**Available data**

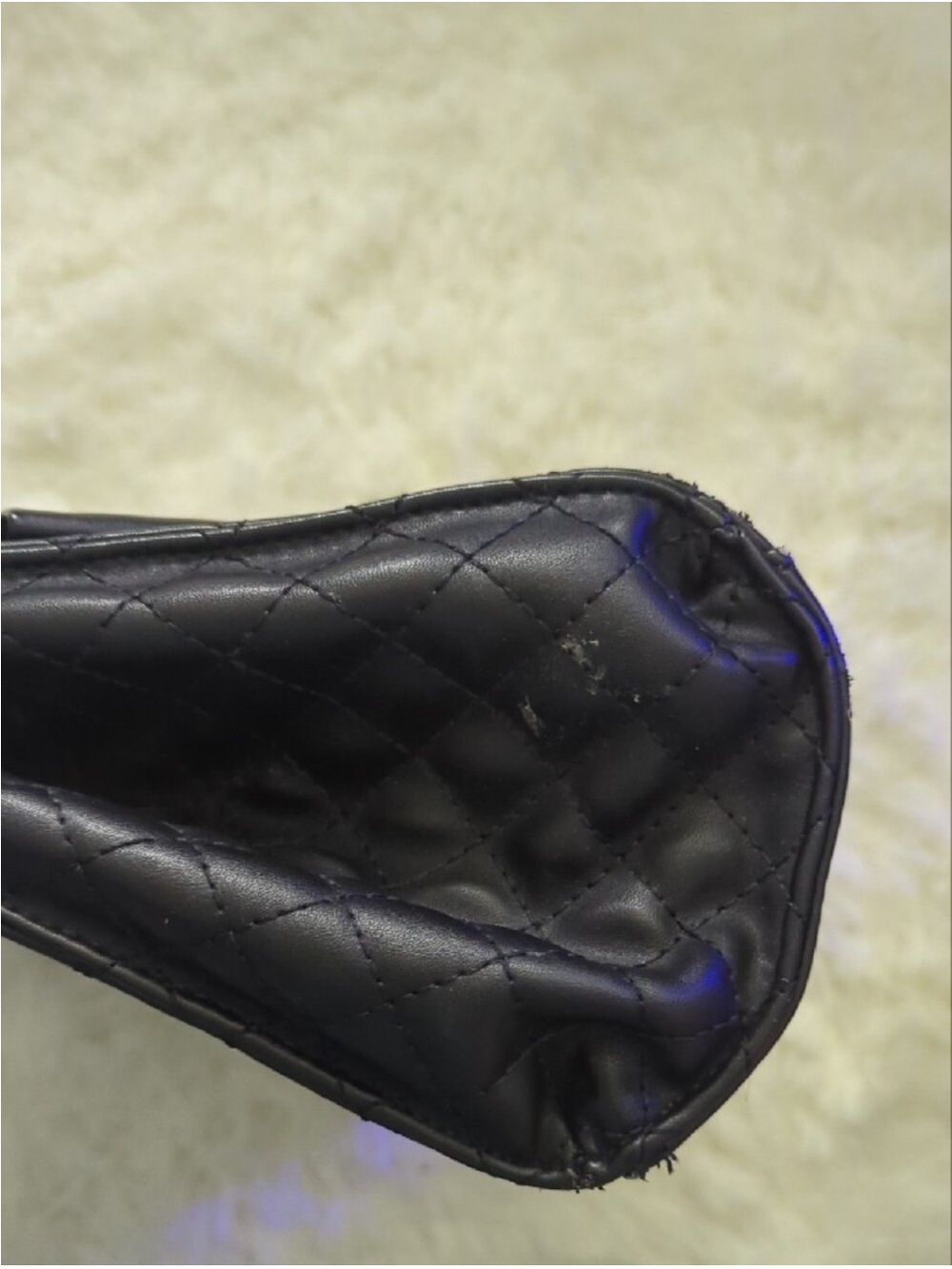 Quilted Bow Accent Black Satchel Handbag - Picture 7 of 11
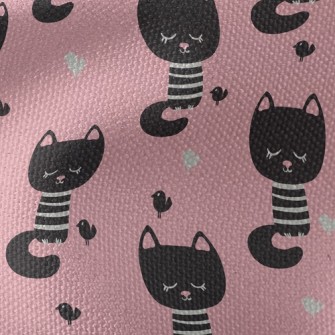 Shy Black Cat With Eyes Closed Waterproof Canvas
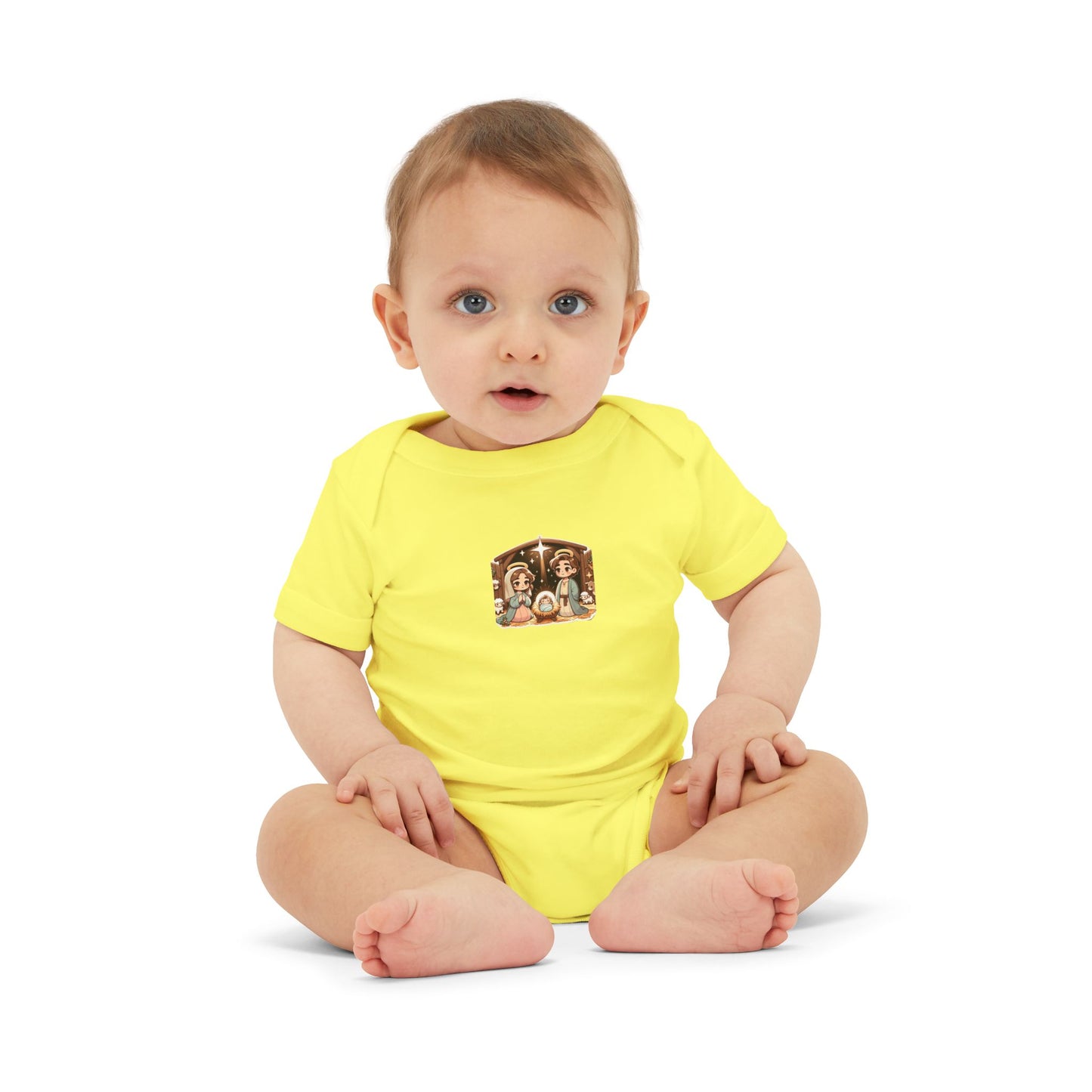 Infant Onesie with Nativity Scene – Baby Christmas Bodysuit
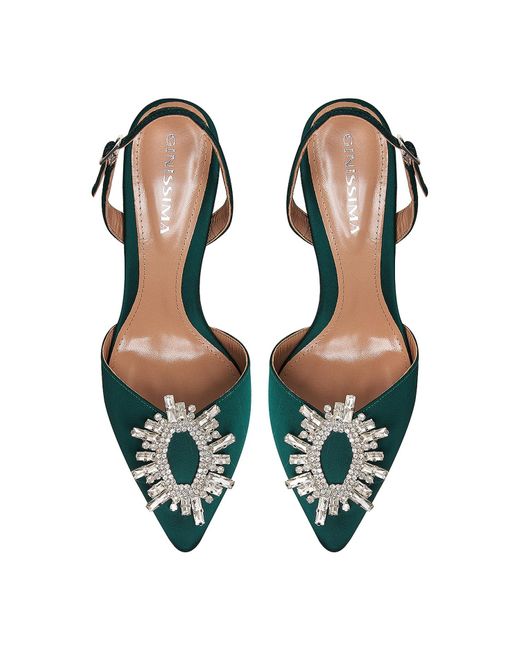 Ginissima Green Alice Emerald Shoes With Crystal Brooch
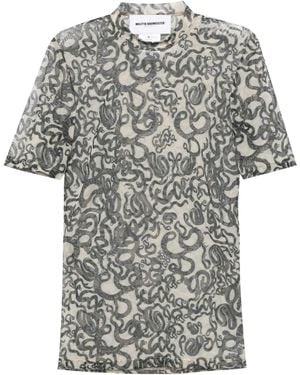 Melitta Baumeister Snake-Print Semi-Sheer T-Shirt - Grey
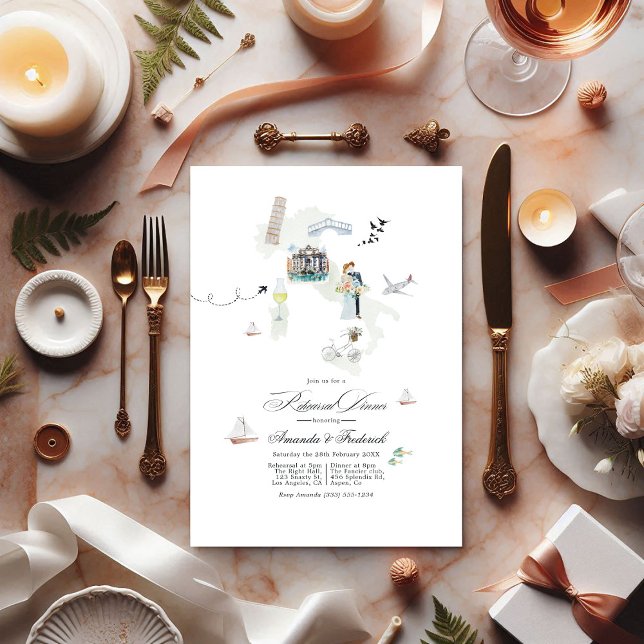 Italien Hochzeit in Urlaubsort Probe Abendessen Einladung (Italy Destination Wedding Rehearsal Dinner Invitation)
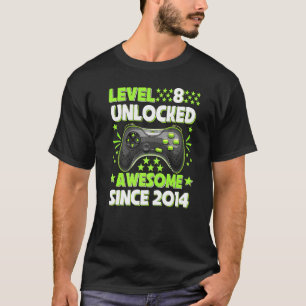 Level 8 Unlocked Awesome 2014 Video Game 8th Birth T-Shirt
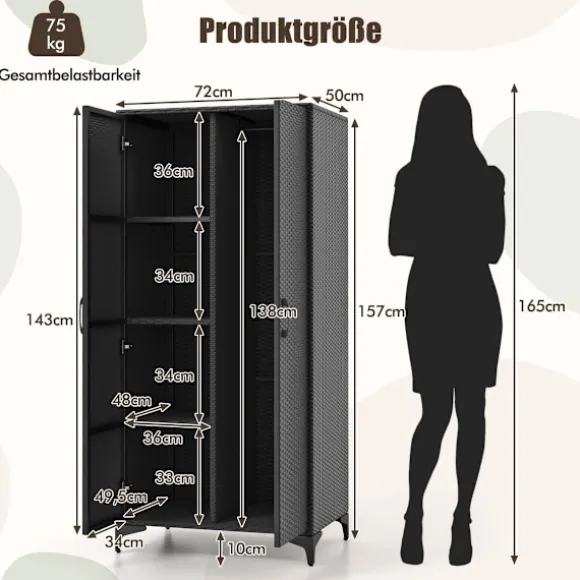 PE rattan garderobe med 2 døre & Tøjstang & amp; 4 rums garderobe sort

**Problem details**
Retype all entries exactly; omit pictures.

**Output for this exercise**
 Quilted Bow Accent Black Satchel Handbag - Picture 7 of 11
 Shy Black Cat With Eyes Closed Waterproof Canvas
 Infant Onesie with Nativity Scene – Baby Christmas Bodysuit
 Ginissima Green Alice Emerald Shoes With Crystal Brooch
 Melitta Baumeister Snake-Print Semi-Sheer T-Shirt - Grey
 Italien Hochzeit in Urlaubsort Probe Abendessen Einladung (Italy Destination Wedding Rehearsal Dinner Invitation)
 Level 8 Unlocked Awesome 2014 Video Game 8th Birth T-Shirt
 PE rattan garderobe med 2 døre & Tøjstang & amp; 4 rums garderobe sort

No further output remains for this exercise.